---------- Extracted material ----------
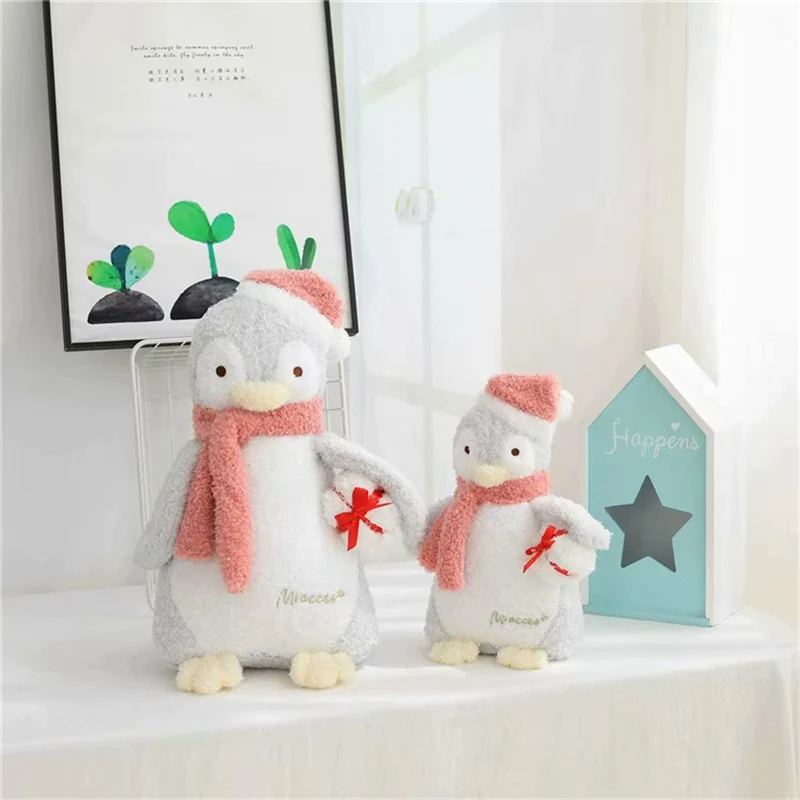 

Hot 1pc 23cm/33cm/48cm Kawaii Christmas Hat Penguin Plush Toy Soft Stuffed With Scarf Doll Baby Children Lovers Birthday Gift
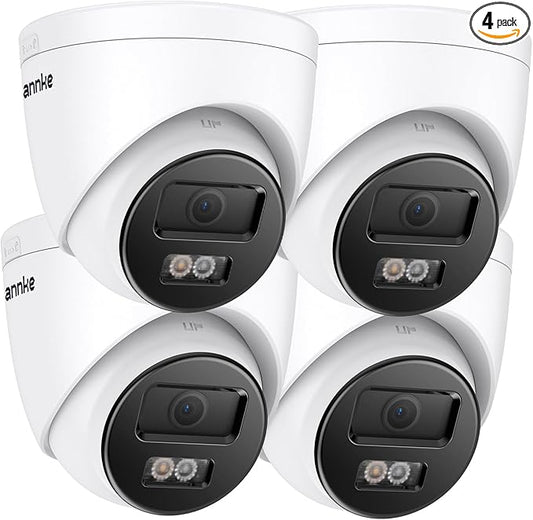 ANNKE C800 4Pcs Ultra HD 4K PoE Security Cameras with AI Human/Vehicle Detection, 8MP Turret IP Camera with Audio, Spotlight Color Night Vision, H.265+, IP67 Weatherproof, Support 512GB Micro SD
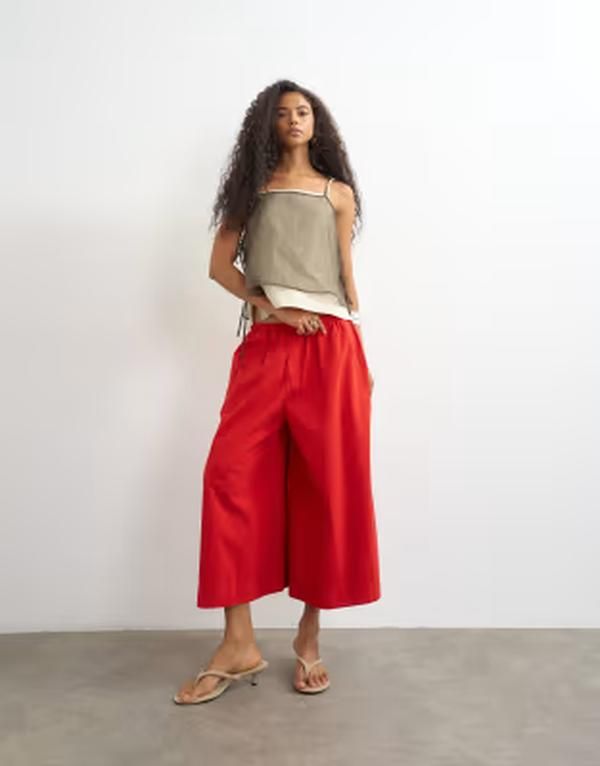 トップショップ レディース ボトムス カジュアルパンツ A ライン Topshop aline culottes red レッド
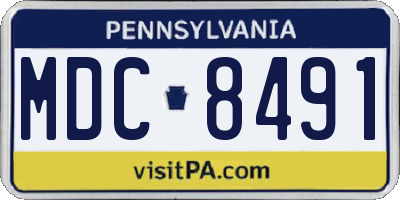 PA license plate MDC8491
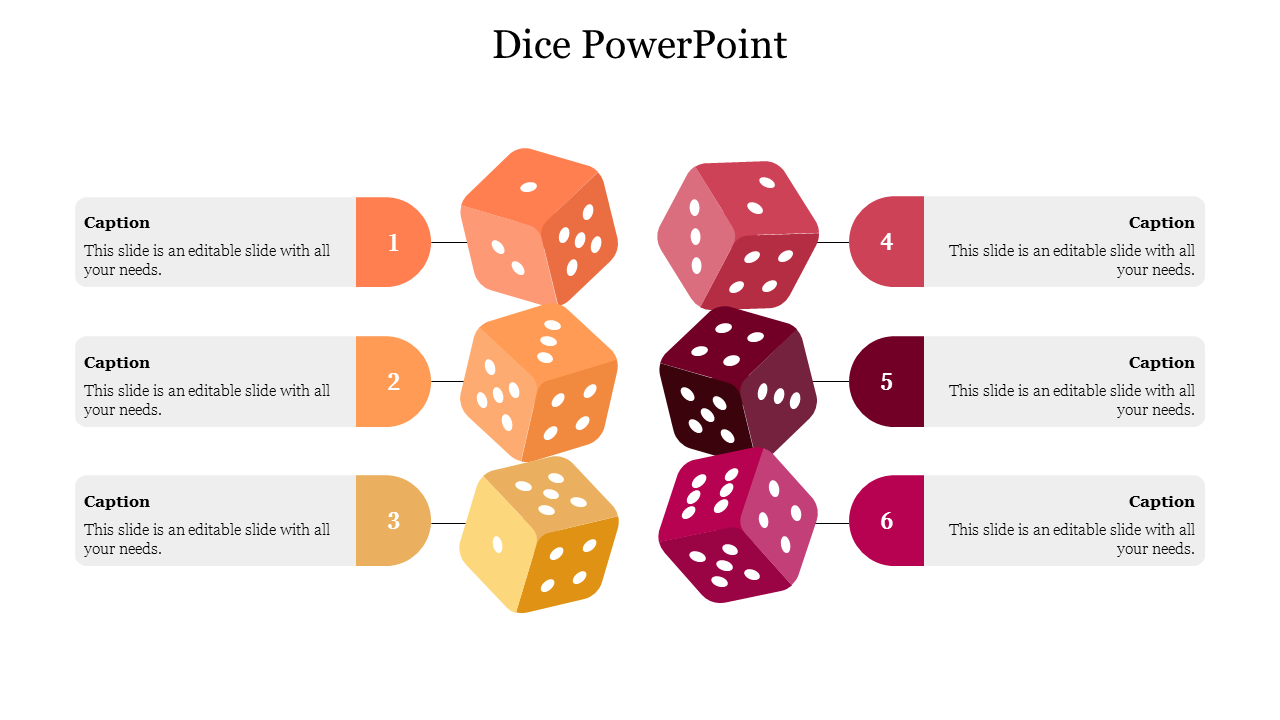 Get dashing Dice PowerPoint Slide Presentation templates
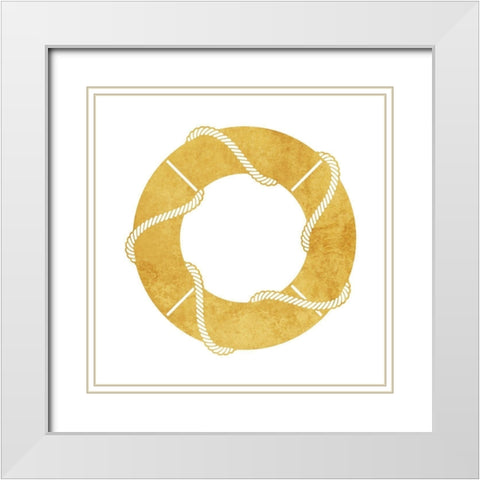 Gold Floaty White Modern Wood Framed Art Print with Double Matting by Villa, Mlli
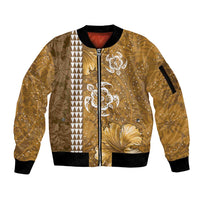 Gold Hibiscus Turle Sleeve Zip Bomber Jacket Hawaiian Style Tribal Tapa Pattern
----------
What you should do: Give back exactly the lines from the one that contains "Get dashing Dice" to the final line of the data above, both included, with all pictures removed.

Answer box:
 Get dashing Dice PowerPoint Slide Presentation templates
 Gold Floaty White Modern Wood Framed Art Print with Double Matting by Villa, Mlli
 Gold Hibiscus Turle Sleeve Zip Bomber Jacket Hawaiian Style Tribal Tapa Pattern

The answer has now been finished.